If the name WRX conjures up visions of rally legends dancing in your head like the late great Colin McRae hurtling sideways through a Welsh forest in a blue and yellow 300-hp Impreza, you’re not alone.
North Americans were sadly left out of the fun and didn’t get their hands on the first generation Impreza WRX introduced to the rest of the world in 1992. Models like the STI 22B have become things of folklore these days, rare and highly sought after. Resourceful types were able to import right-hand drive versions straight from Japan and got their fix that way but the WRX wouldn’t officially land on our shores until 2001.
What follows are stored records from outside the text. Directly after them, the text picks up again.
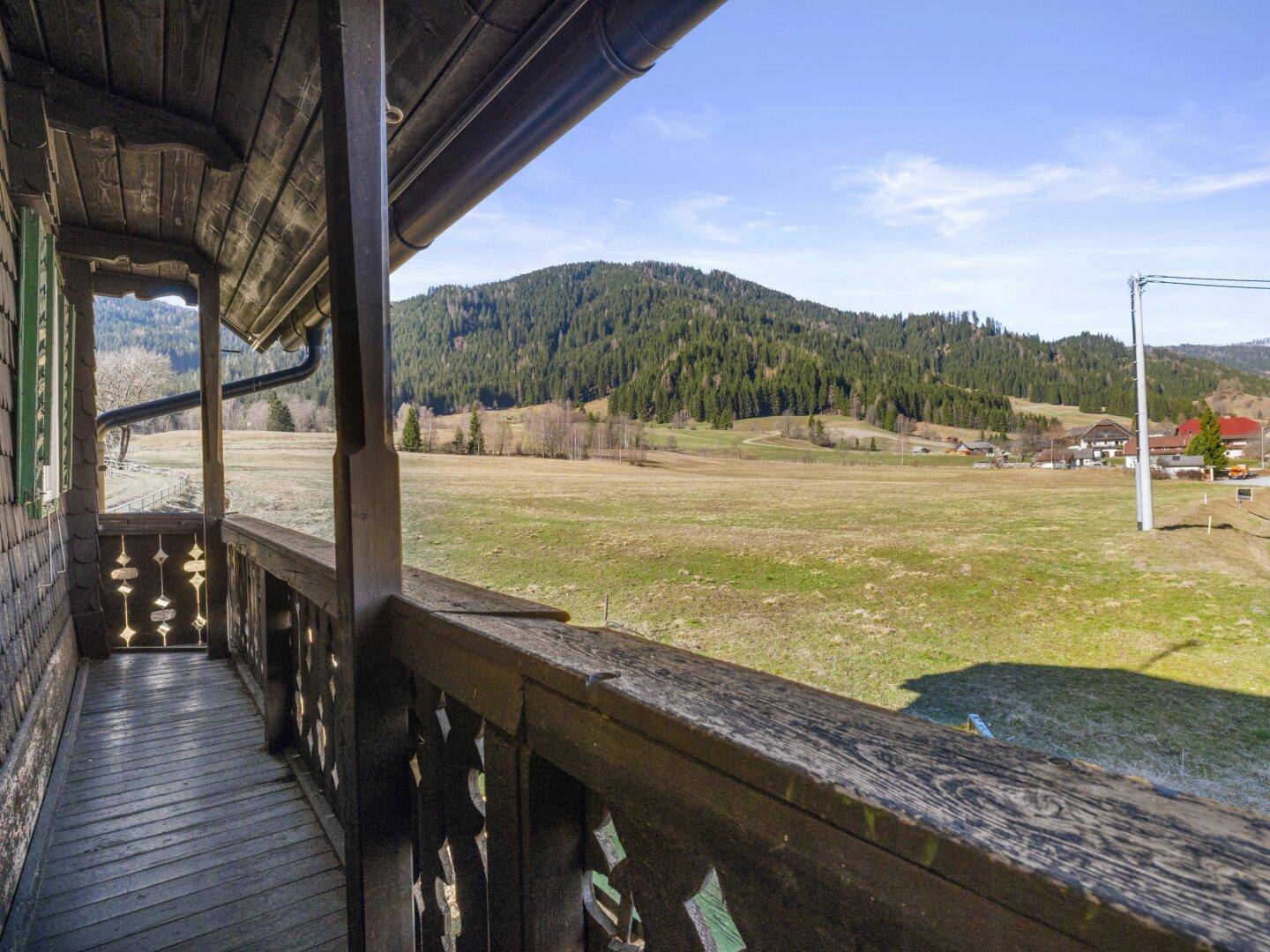 Holzbalkon mit traditionellem Geländer und freiem Blick auf weite Wiesen und Berge.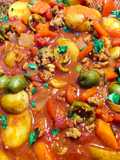 Pork ragout with paprika and green olives
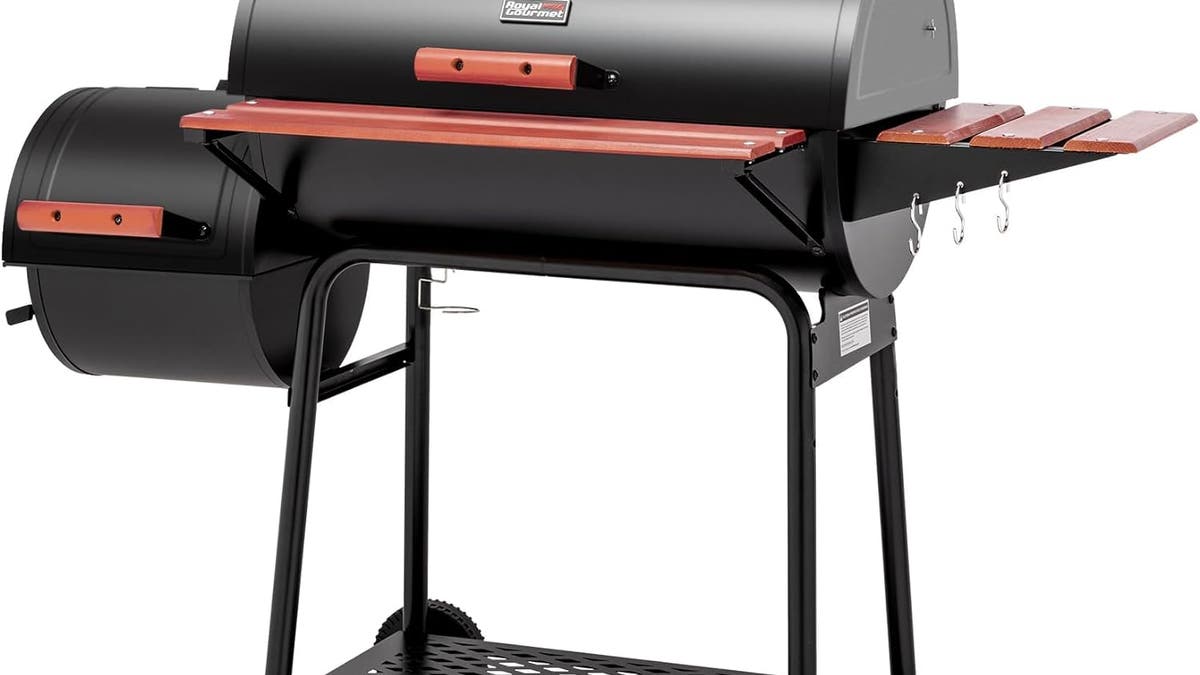 Cook all your food outdoors with this charcoal grill and smoker.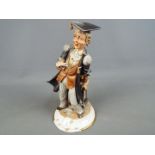 A good quality capodimonte figurine depicting a lawyer, signed,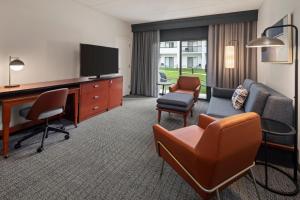 a hotel room with a desk and a tv and chairs at Courtyard by Marriott Chicago Waukegan / Gurnee in Waukegan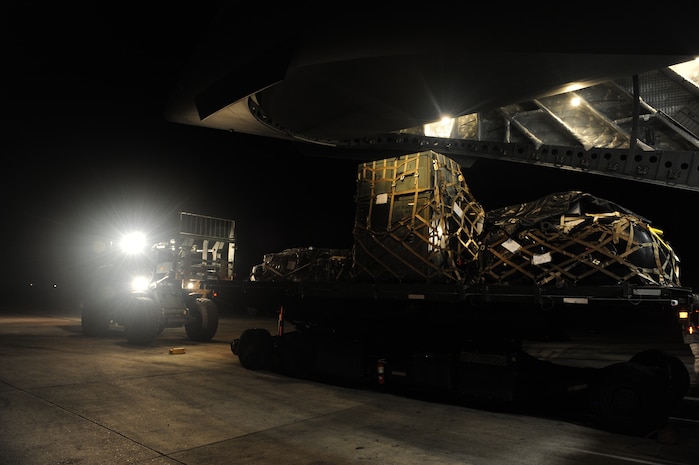 U.S.Air Force personnel from the 621st Contingency Response Wing, Joint Base McGuire-Dix-Lakehurst, N.J., off load cargo from a Charleston Air Force Base, S.C., C-17 Globemaster III, Jan. 15, 2010, at the Port-au-Princce airport in support relief efforts to Haiti  in the aftermath of a devastating earthquake.  (U.S. Air Force photo by Staff Sgt. Joshua L. DeMotts) (Released)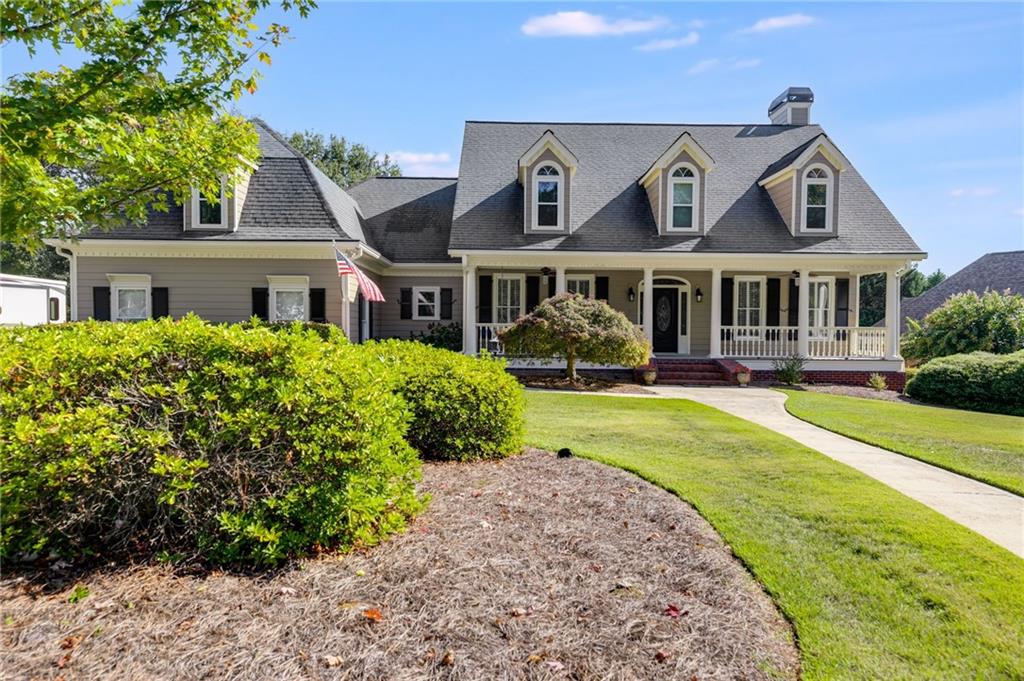 front view of a house with a yard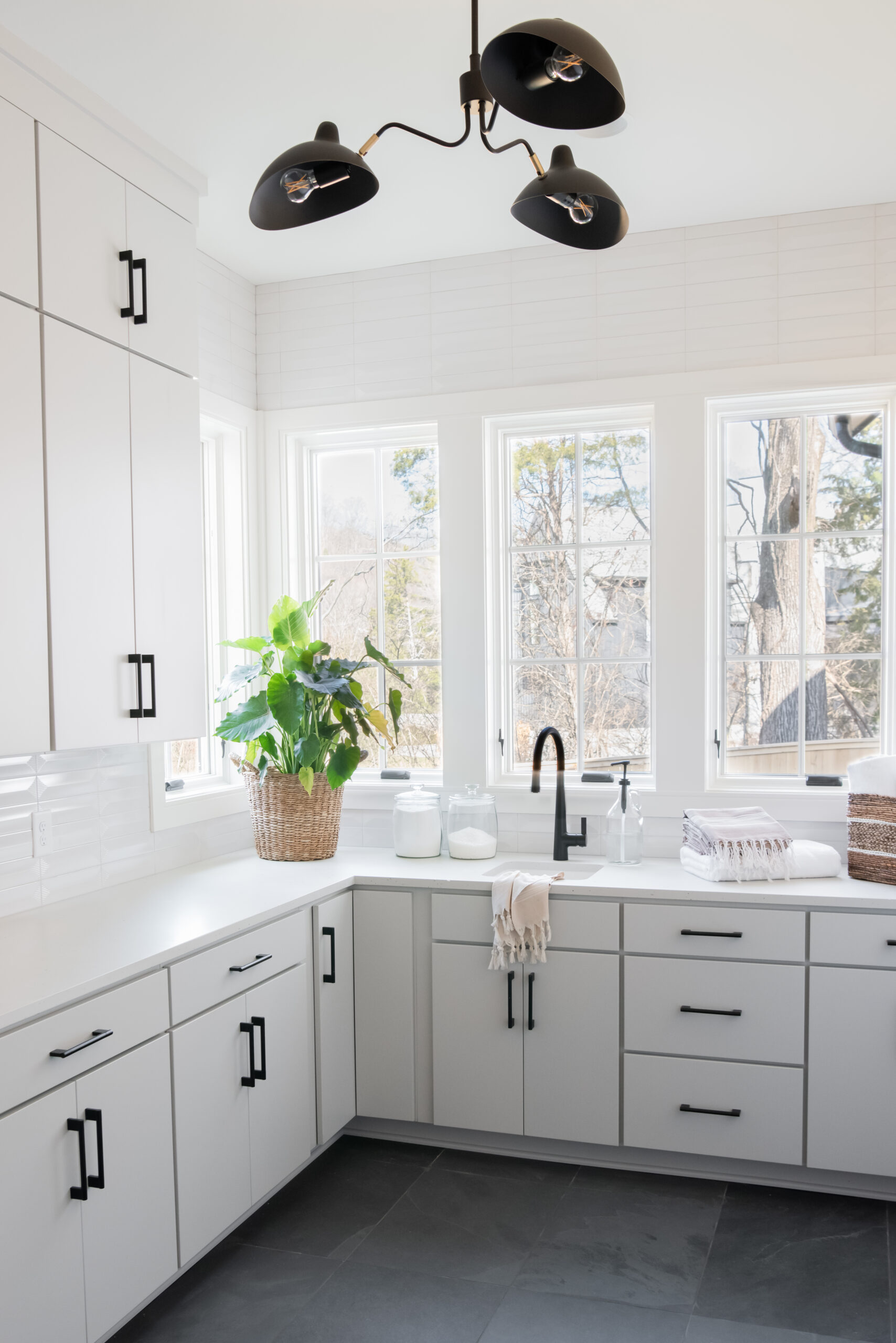 A large white laundry room with windows and white cabinetry below and black modern chandlier with black tiled flooring
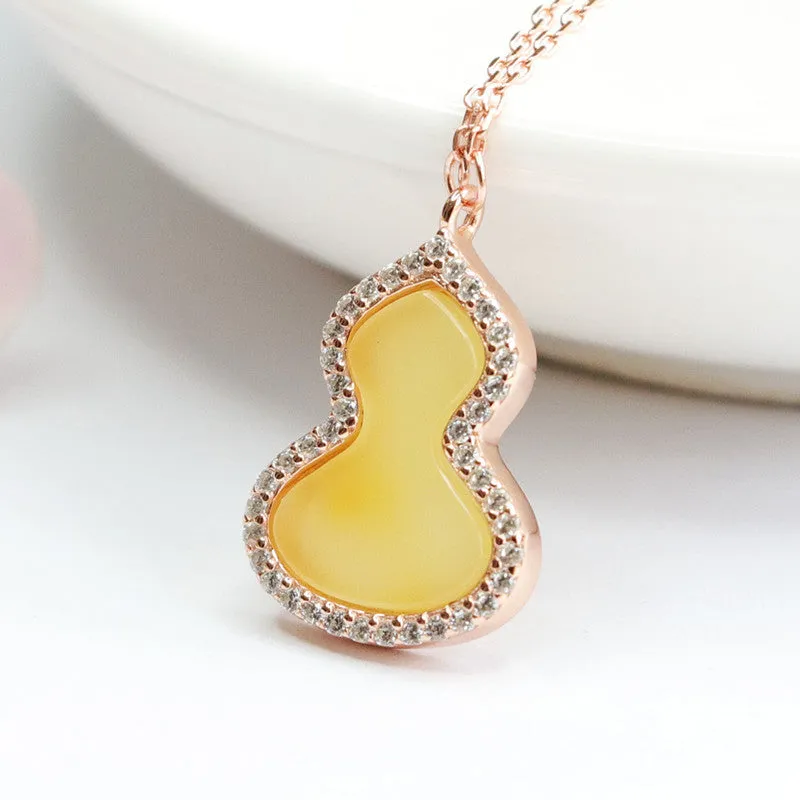 Sterling Silver Gourd Pendant with Beeswax Amber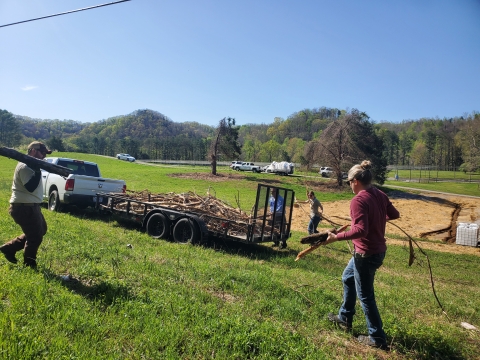 Staff from Ecological Services hauling limbs, logs, and trees to a truck and trailer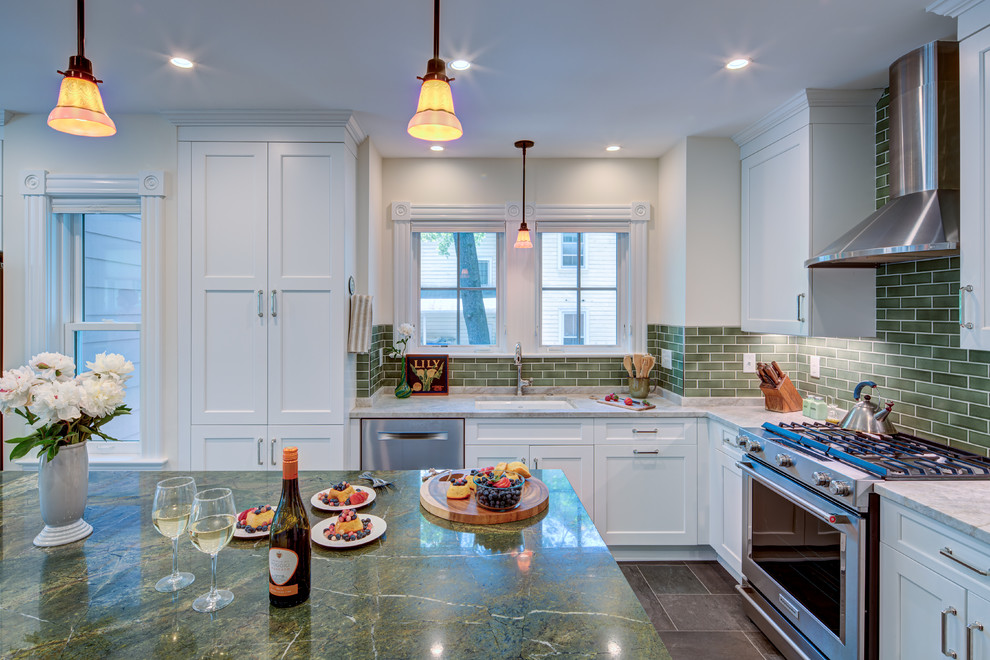Large transitional u-shaped open plan kitchen in DC Metro with an undermount sink, shaker cabinets, white cabinets, marble benchtops, green splashback, subway tile splashback, stainless steel appliances, slate floors, with island, black floor and green benchtop.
The even hotter STI arrived in 2004 and made around 300 hp from a 2.5 litre turbocharged boxer engine that gave it the same centre of gravity as a worm. It could accelerate to 100 km/h in under 6 seconds, on virtually any surface.
As tough as nails, the STI’s robust AWD system and rugged “no frills” character was an endearing aspect of owning the car. This was a 4-door sports car that could go anywhere, no matter the weather or road conditions. Couple that with an illustrious racing pedigree and it’s no wonder why most car enthusiasts keep a special place in their hearts for this little turbocharged Subie.
Strangely, Subaru decided to drop the Impreza name for the 2015 model year choosing instead to only use WRX and WRX STI.
I spent a week with the 2019 Subaru WRX STI which soldiers on with some minor changes and came up with 10 things you need to know about it before an all-new one comes out in 2020.
There’s more power
The STI has made about 300 hp since the beginning of time. Sure there have been some special versions with a bit more, but this power figure has remained largely unchanged. Until now. Due to improved and upgraded internals, the new STI makes…wait for it… 310 hp. That is a whole 5 hp more than last year.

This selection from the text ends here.